Synergistic Optimization of Band Alignment and Defects in CsPbI2Br Perovskite Solar Cells via SCAPS-1D Simulation: Achieving >20% Efficiency

CsPbI₂Br is a promising material for efficient and stable perovskite solar cells (PSCs), owing to its excellent photothermal stability and suitable bandgap. However, severe energy band misalignment at interfaces combined with high interfacial and bulk defect densities critically limit device performance. In this work, we modeled CsPbI₂Br PSCs using SCAPS-1D and performed synergistic optimization of band alignment and defects. The procedure sequentially addressed the electron transport layer/perovskite (ETL/PVSK) interface, the PVSK/hole transport layer (HTL) interface, and bulk defects within the CsPbI₂Br layer.
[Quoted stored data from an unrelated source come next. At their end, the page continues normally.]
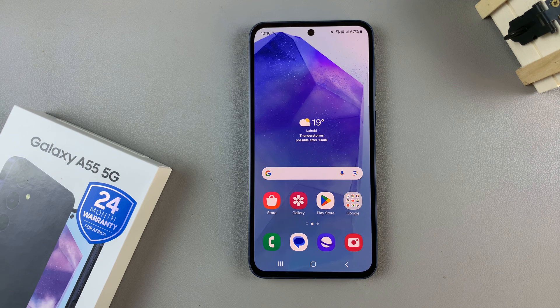In today's video, I'll be showing you how to set up the Google Assistant on the Samsung Galaxy A55 5G.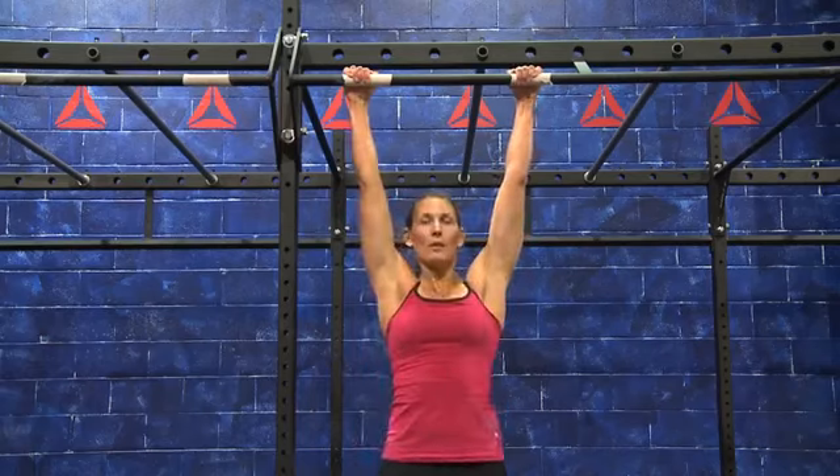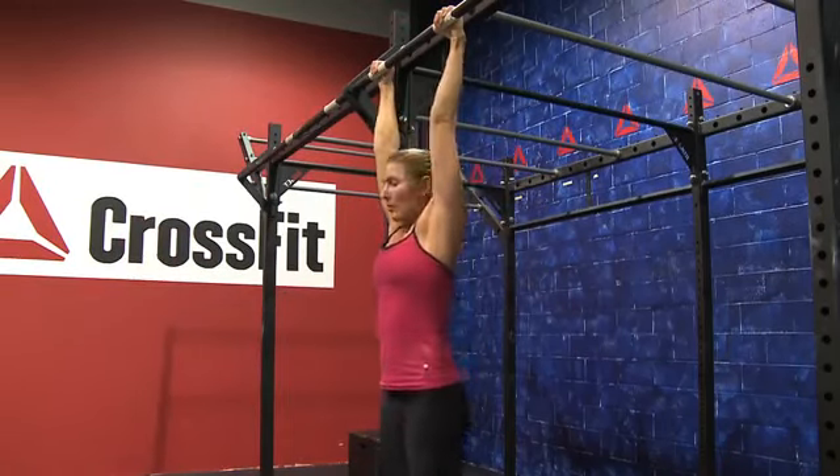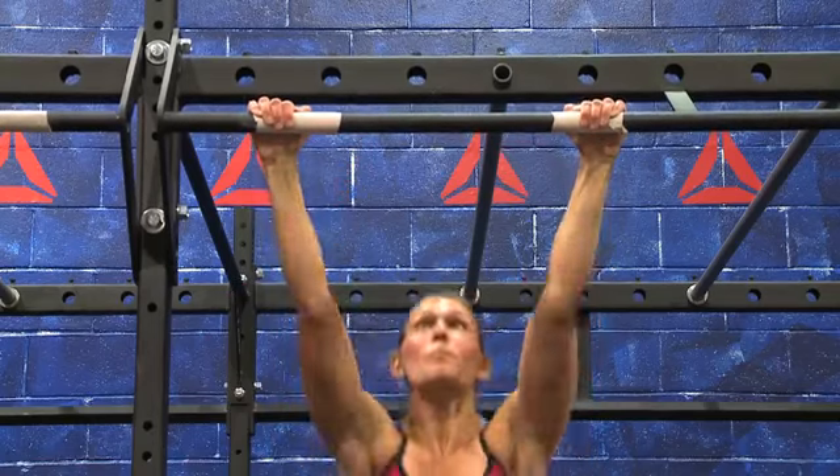From this position, bring both of your feet up so they come in contact with the bar that you are holding. Recoil back down so your feet pass the plane of the bar that you are hanging from. You can cycle these quickly utilizing a kip.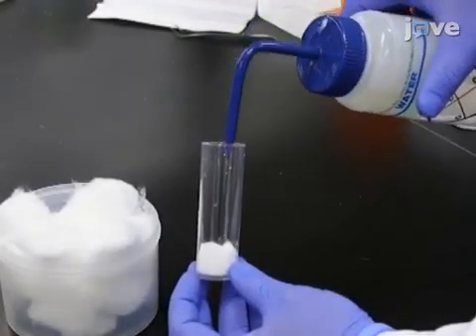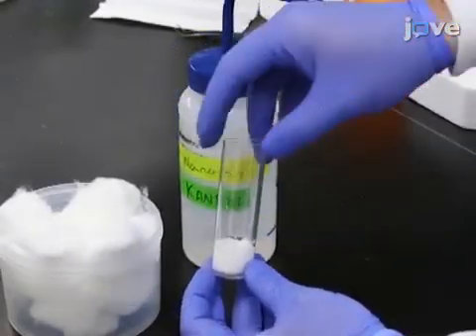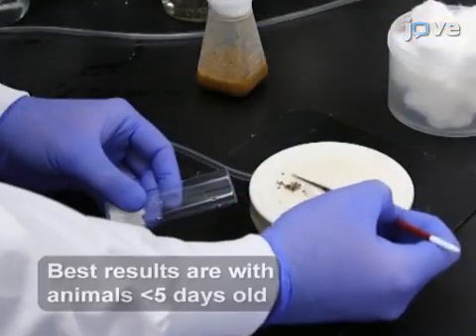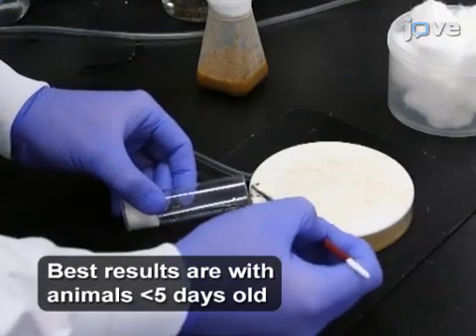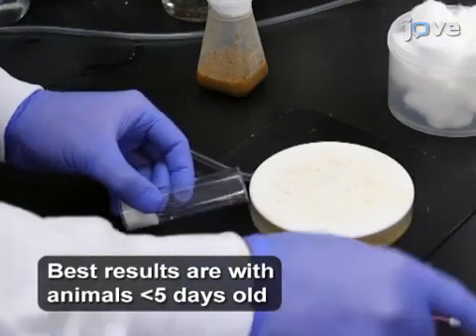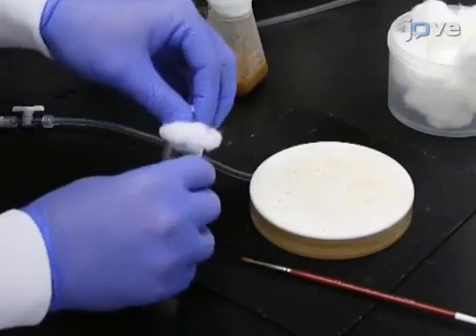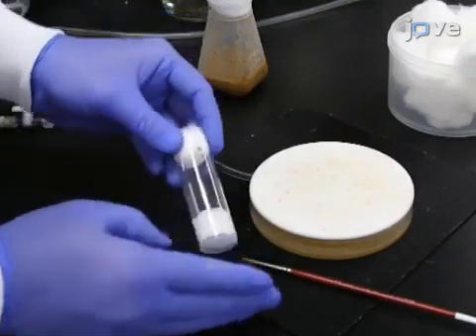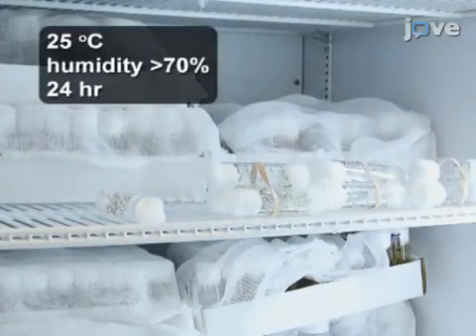To begin the experiment, saturate a cotton ball with water at the bottom of a standard fly vial. Next, collect flies in sets of 100 animals on a CO2 pad and then add the flies to a prepared vial. Use a cotton ball to secure the vials closed. Then, place the vials on their side in an environmentally controlled incubator.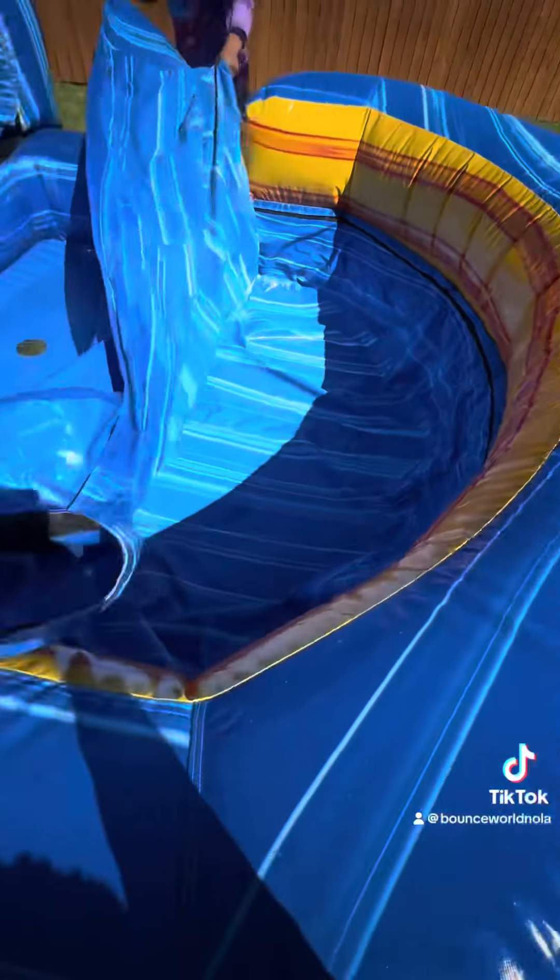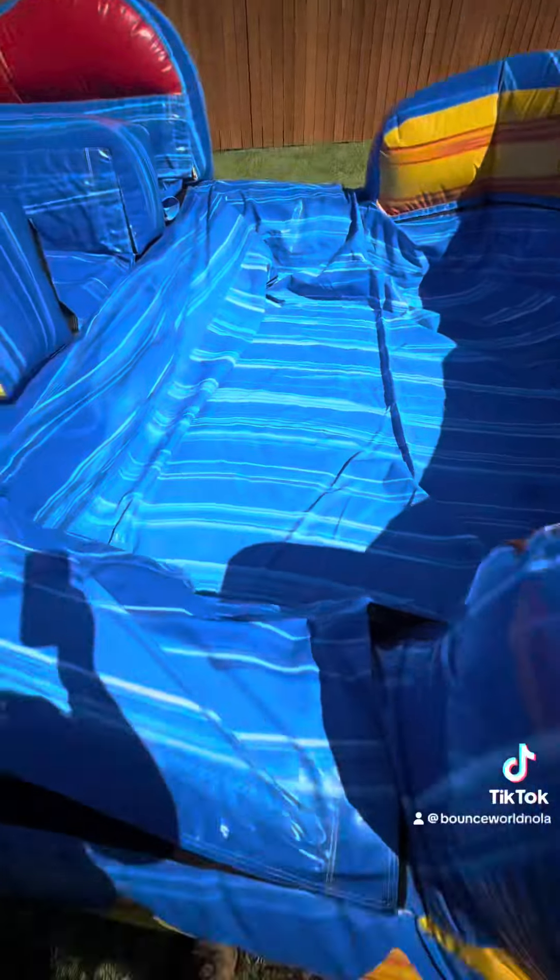I hate taking the double velcro off. Here you only take the single velcro off. Now we're going to put it back so all the water is trapped underneath, not on top of the game. So when we go to roll it, guess what?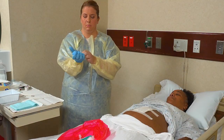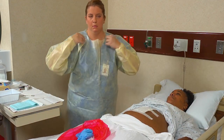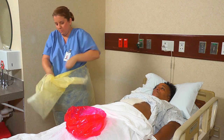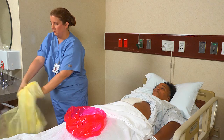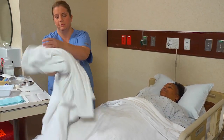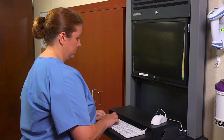When the dressings have been secured, remove your gloves and put them in the bag. Discard used supplies in the bag, tie it closed, and discard it according to agency policy. Also, remove and discard your personal protective equipment and practice hand hygiene. Finally, cover the person and remove the bath blanket. After applying a dry, non-sterile dressing, perform post-procedure care.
The obtained optimal parameters include a band offset of −0.3 eV and an interfacial defect density of 1.0 × 10¹⁰ cm⁻² for both interfaces (ETL/PVSK and PVSK/HTL), with a bulk defect density of 1.0 × 10¹³ cm⁻³. The optimized device achieved a V_OC of 1.544 V, a J_SC of 15.00 mA/cm², a fill factor (FF) of 87.22%, and a power conversion efficiency (PCE) of 20.20%. Mechanistic studies reveal that the optimal band offsets become more negative at low interfacial defect densities, facilitating carrier extraction and reducing recombination. Positive offsets lead to losses in quasi-Fermi level splitting (QFLS), with the ETL/PVSK interface being particularly sensitive to this loss mechanism. This study offers key design insights for high-performance CsPbI₂Br PSCs.